# Wife not Horny too much.



## baltimorebarry (Dec 7, 2011)

My wife hates to get on top of me during sex. Says she feels ashamed. Doesn't even give a BJ unless I ask. I have made her orgasm with my mouth,hands,penis and leg. Is this normal? I'm a good looking guy with a high sex drive but she is a different animal. I have done it all from being romantic to just getting her drunk and nothing seems to take away her fears. Although I did get her drunk after a wedding and it was like a different girl and we had sex in all positions all night. That was 2 years ago. I need some wisdom.


----------



## anx (Nov 30, 2010)

Accept the good things you have going, and forget the position. Or fight about it until she can't stand you and stops having sex or destroys the marriage.
_Posted via Mobile Device_


----------



## square1 (Oct 31, 2011)

Based on your other post in CWI maybe if she stopped sleeping with other men it would be different?

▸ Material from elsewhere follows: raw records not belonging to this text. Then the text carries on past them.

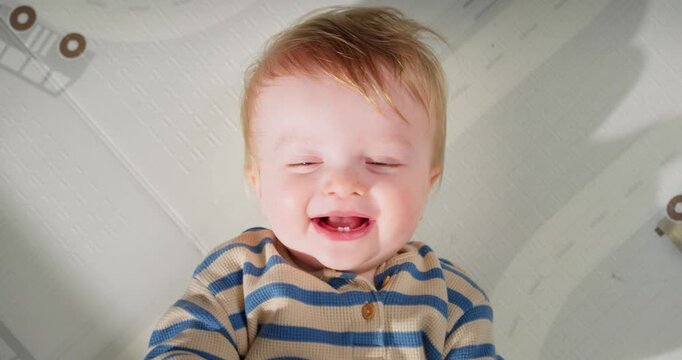 Adorable baby with light hair and blue striped shirt lying on a white patterned mat smiling gently and looking relaxed, captured in close-up shots from two video frames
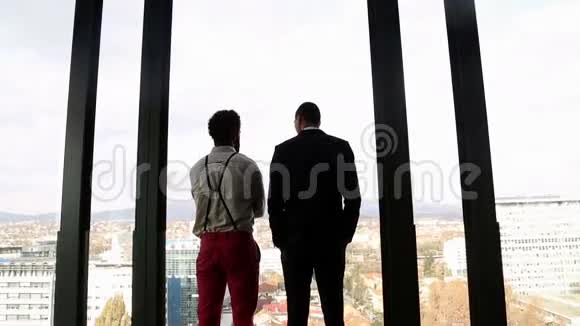 两个商人透过窗户望着城市说话视频的预览图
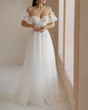 Trendy classic long wedding dress with cleavage and wide short sleeves decorated with floral lace. Bride in the shoulderless white wedding dress with deep neckline and fancy sleeves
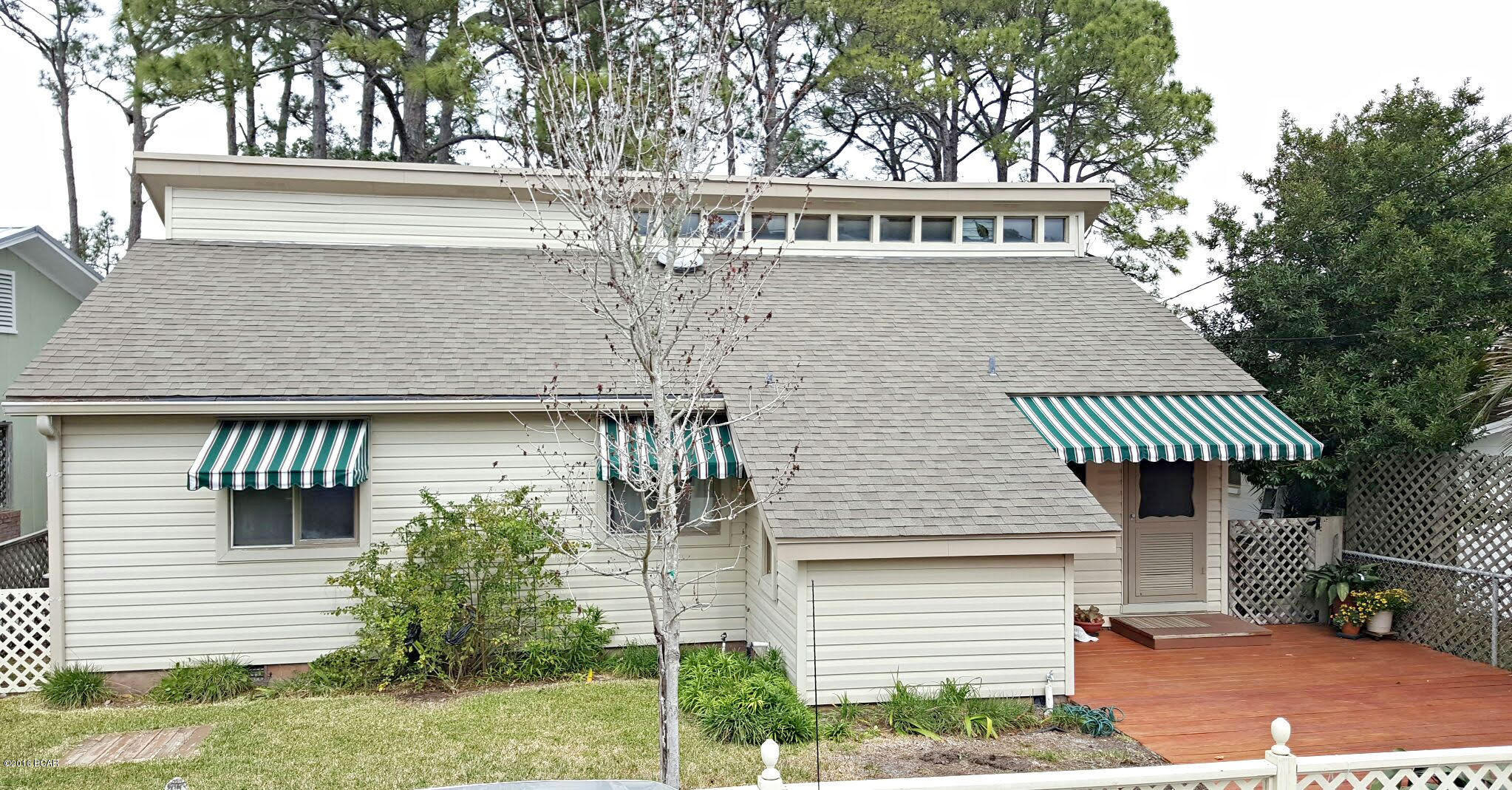 Here it is...Waterfront Living!! This home  has the perfect floor plan to take advantage of the Gorgeous View over looking Grand Lagoon. Large Deck w/ trees for shade in the back yard. Also there is a dock for your boat or jet skis.  Inside there is Pecky Cypress walls that gives this home that cozy Old Florida Cottage Charm . Excellent condition, New Roof & Windows 2012 and New Carpet & New Paint in Bedrooms 2016. Whether it's your primary home or a vacation home...this is a One Of A Kind Home that will add enjoyment to your lifestyle.  Must See!!!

Was she always like this throughout the marriage with positions or was it after the infidelity on your part and hers that this started?


----------



## baltimorebarry (Dec 7, 2011)

No she was not always like this. I forgot to be a gentleman. I could never disagree with her without trying to prove my point about something. I'm sure that got irritating over time. If she acted the way I have over the years, I wouldn't be very much into sex either. The problem has been me all along and I was too ignorant to realize that. All I can do is work on myself to be better.


----------



## southern wife (Jul 22, 2011)

baltimorebarry said:


> I have made her orgasm with my .................and leg. Is this normal?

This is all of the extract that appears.